Thursday, August 02, 2007

more run on sentences as our hero visits the Blue Man Group

Taken on their own, the individual elements that make up the Blue Man Group- trashcan percussion, gross-out performance art, body movement and interpretive dance, mime, clowning, and prop comedy- are some of the most hated elements of busking. For years, evil aldermen like Burt Nataras have defended their yuppie constituents by attempting to shut down unlicensed street performance doing just this kind of thing. Somehow, while the guys on the street are struggling to get by asking for pocket change, the Blue Man Group is able to sell out the Briar Street Theater nightly at sixty bucks a ticket.

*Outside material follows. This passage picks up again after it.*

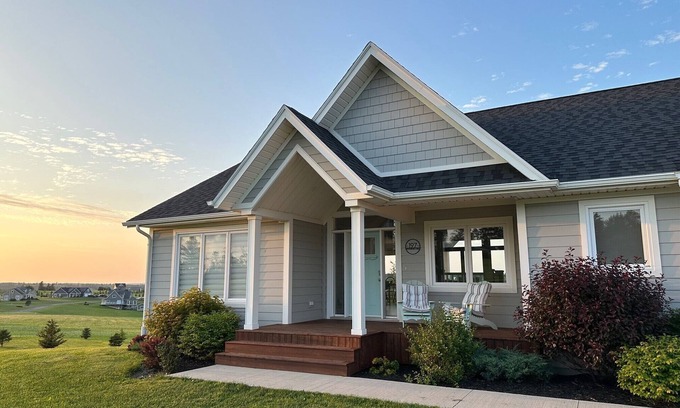 Granville House | Riverbend Escape - Waterfront Home.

It's easy to get cynical about something like that, because the Blue Man Group isn't some local-grown industrial dada outfit, it's a franchise that sees the city as a market, with enough tourists to support them through waxes and wanes of local support, just like Six Flags Great America and the Hard Rock Cafe. There are little bits of commentary in the show, that are more dangerous or cutting than you'd expect, but more shallow than they seem, critiques on the pretensions of high art consumers (with Sturm und Drang references!), how computer culture separates people from one another, and on the lack of depth in pop and rock music and the music industry (which is a little the-pot-calling-the-kettle-black as you get to see a Grammy-nominated performance art troupe launch into crowd pleasing covers of Ozzy Osboune's "Crazy Train" and Devo's "Whip It" on a PVC pipe organ).

So the punches are more like love taps, and you just might notice, but if you do, it'll probably be in retrospect, because, fuck the bullshit, the Blue Men put on a good show. The music is listenable, even in recordings where you can't see how it's being made, there are some more than service-able electronic jams, and even though the stage show is time-tested and years' old, it still feels fresh. There are of simple, beautiful moments, too, that are more surprising than anything else in the show. Once you've gotten used to the three Blue Men vomiting through holes in their shirts, turning off the lights as they use scrolling lcd screens as drumsticks, or playing oil drums full of blacklight-sensitive paint, you're not expecting them to cover a windowpane with shaving cream and use it as a projection screen for a film about animation as it derived from shadow puppets.

The show ends the way it always ends. Bad techno. Strobes. Rolls of toilet paper overflowing and becoming a tidal wave as people pass them up towards the stage. Baby's first rave. In the Electric Kool-Aid Acid Test, Tom Wolfe talks about how Ken Kesey figured out how to use strobe lights, rhythms, and bright colors to simulate the best parts of an acid trip, and that pretty much happens here. Awed love feelings, slowed time, and a bit of a freak out.

Worth is a relative term. Because I don't have anything, sixty dollars seems exorbitant, and I can really appreciate the kids on the street, giving art away for free. Hopefully, if and when I ever have money I still will, but I'd wager to say, tht if I was a grown man, who wanted to hear some music, or feel a bit high, or just get some chucks out of a theater show, I wouldn't hesitate to drop sixty bucks on the Blue Men.